Article by Tom Lizak/K1TL
The station WPA was located across from the Gulf refinery along the Sabine River channel. All the HF antennas were ground planes (6/8/12MCs) with four elevated radials each. The 4MC antenna was a folded dipole, I believe. The MF (500KC) antenna was a long wire. The station did have a 200’ tower but was taken down due to a cracked base insulator…and never to be put back up again. Real sad as we did have a good signal on 500/416KCs when it was operating along with the 15KW TX. I should have taken more pictures of the transmitter room back then. Bill Prechtl (SK) and I took a walk to the MF antenna shack out in the swamp one winters day, watching out for alligators and snakes. I couldn’t believe the hole in the side of the small building from a lightning strike. The cracked insulator may have been caused by previous tropical storms/ hurricanes or from several lightning strikes.
We did get the 16MC TX up and running and used the folded dipole out in the swamp which was about 60’ above the swamp and a few hundred feet from the building.

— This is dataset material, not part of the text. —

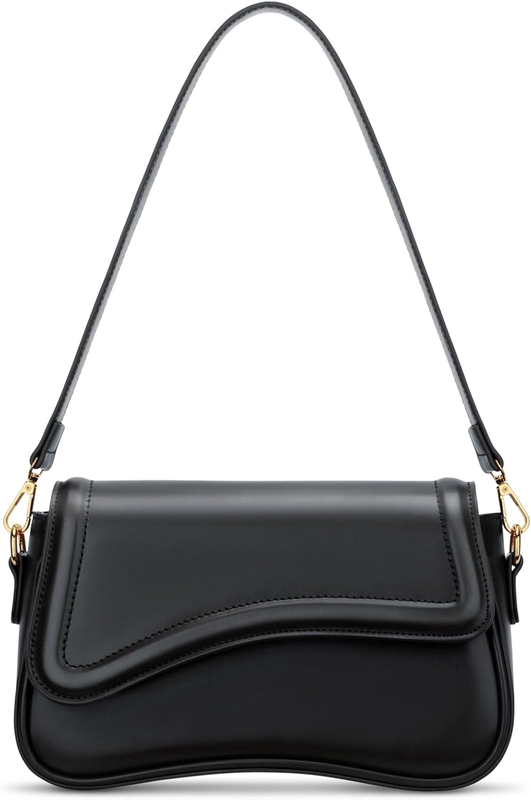 Shoulder Bag for Women Small Clutch Purses Cute Hobo Handbag Trendy Underarm Bag7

It worked somewhat but due to the feed losses, most of the RF was wasted. We later abandoned that frequency.
We had severe interference from SSB “National Guard Weekend Warriors” on 8.550MCs during some weekends. The ships complained about this and we notified RCA…it only stopped for a couple of weeks then started up again. This caused some loss of traffic. Our permanent 3rd shift guy, Lloyd Moore (SK), used to use 4MCs in the evening/morning hours but the key clicks were so bad, I couldn’t understand how he could hear anybody calling him with the key clix pounding away in the AR-88’s…but he did pull in traffic on that shift.
We did have some good operators, notably, Leland “Skip” Agard.
The station had a direct link to Exxon via LL which WPA handled all Exxon vessels along the Eastern seaboard and Gulf of Mexico. Also was a Western Union TTY and another LL TTY system which you see in the background in the picture below.
Alas, the station finally closed, I believe in early 1984, as I sent out the last “CQ”.
Above, is John Broussard (SK) hammering away at the mill…he is also famous for hammering away on the “hand pump” which would pretty much shake the table. Some ship operators could not copy him due to his sending “technique” so the other ops here would take his traffic.
Here I am …I can’t believe how thin I was back then !
Above is Bill Prechtl (W3KO, SK) in foreground and I’m sitting in the HF position straining my ears for signals on the infamous RCA AR-88 RX’s.
Picture of the building along the Sabine River shipping channel. All the HF antennas were ground planes with four elevated radials. We did get the folded dipole for 16MCs working but we did not get much traffic on that band most likely due to feed line losses. Definitely had some sinking of the ground around the building as you can see. Pretty much like walking “uphill” inside the building.